Matthew Gaines (August 4, 1840 – June 11, 1900) was a former slave, community leader, minister, and Republican Texas State Senator. He made valuable contributions towards the establishment of free public education in the state of Texas.

Early life
Matthew Gaines was born on August 4, 1840, near Alexandria, Louisiana to a female slave owned by the Martin Despallier family. Gaines taught himself to read from a white boy who smuggled in books. This boy may have been young Blaz Philipe Despallier, who lived on the estate and who would later become the sole heir of Alamo hero Charles Despallier, his uncle. After being sold from the Despallier family, Gaines escaped from his new owner in Louisiana to Arkansas, and eventually made it to New Orleans, where he was captured and returned to his master. In 1859, Gaines was sold to Christopher Columbus Hearne, where he remained until 1863 when he tried to flee to Mexico. He was caught again and was forced to work as a runaway slave in Fredericksburg, Texas until the end of the civil war.

Career
After the 1863 emancipation was finally officially announced in Texas on June 19, 1865, Gaines settled in Burton, Washington County, where he established himself as a leader of the freedmen, both as a Baptist preacher and a politician.

In 1869, Gaines was elected as a Senator of Texas's 16th district in the Twelfth Texas Legislature. He gained a reputation for being a guardian of the newly won rights of the African-Texans. Throughout his term, he addressed the issues of public education, prison reform, the protection of black voters, and tenant farming reformation. Gaines actively supported the forward movement that established the first public school system for all Texans and assisted in allowing Texas to take advantage of the federal Grant College Act, also known as the Morrill Act.
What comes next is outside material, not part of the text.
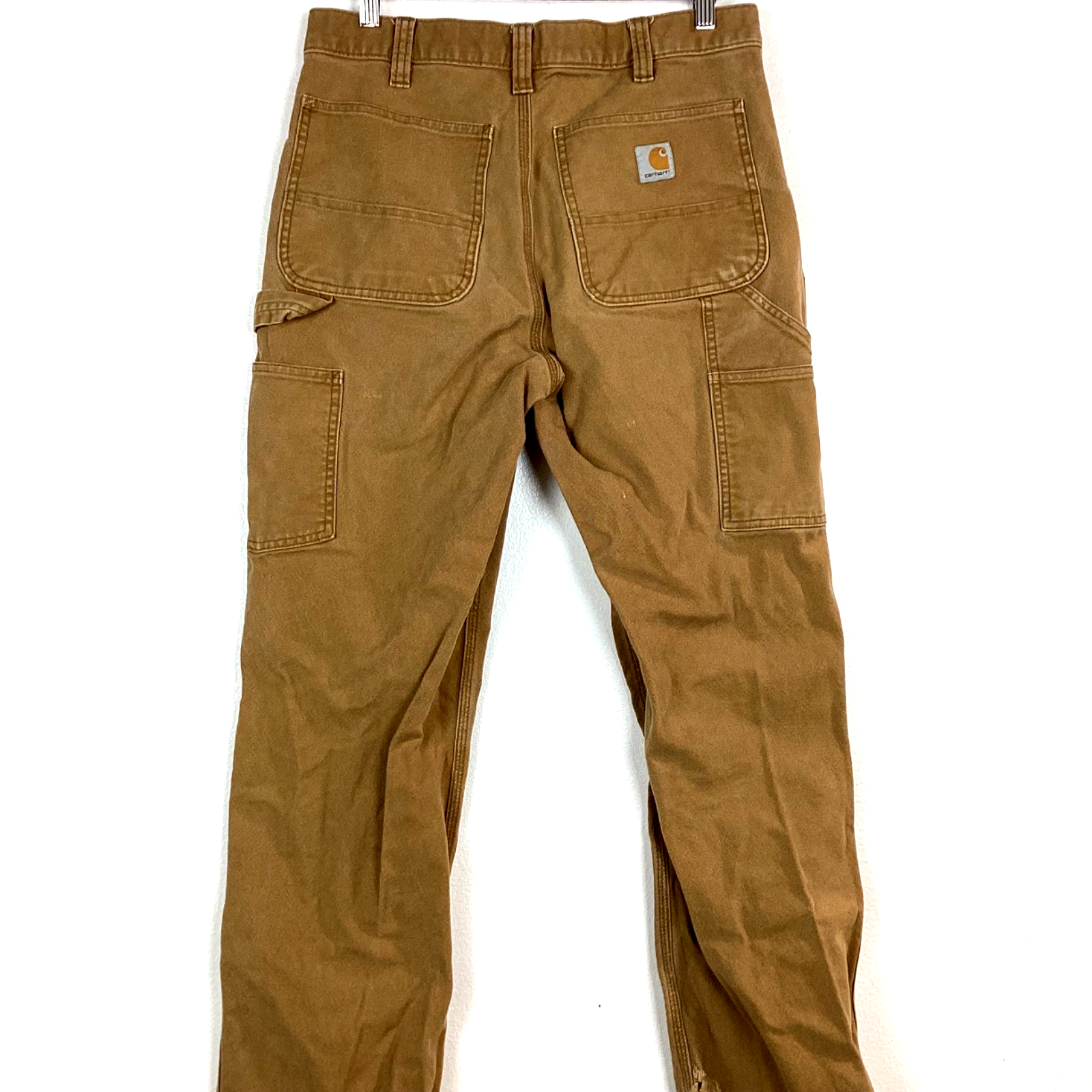 Carhartt Double Knee Dungaree Canvas Workwear Pants Size 32x36 Brown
In 1870, Gaines played a strategic role in passing the Militia Bill, which created a state police force to combat lawlessness and to protect against voter intimidation. Gaines was elected to a six-year term to the Senate, but only served four years. In a politically motivated trial he was convicted of bigamy in 1873. Despite the charge being overturned on appeal, his seat was challenged by Seth Shepard and he was removed from office on the grounds of being a convicted felon. In 1875, he was arrested for making a civil rights speech in Giddings. He told his audience that "in the eyes of God, blacks are as good as whites; they should have pride and hold their heads up even in troubled times." Gaines continued to be active in politics and made his political views known in conventions, public gatherings, and from his pulpit.

Death and legacy

Gaines died in Giddings, Texas, on June 11, 1900.

In 1998, activists on the campus of Texas A&M University suggested Gaines should have his statue displayed prominently. The project was abandoned in the wake of the Aggie Bonfire tragedy in 1999. However, 19 years later, Texas A&M students and other supporters pushed yet again for the establishment of a statue of Matthew Gaines on the Texas A&M College Station campus. On June 19 of 2020, the donation goal of the “Matthew Gaines Initiative” was surpassed. A statue of Gaines was unveiled and dedicated on November 19, 2021.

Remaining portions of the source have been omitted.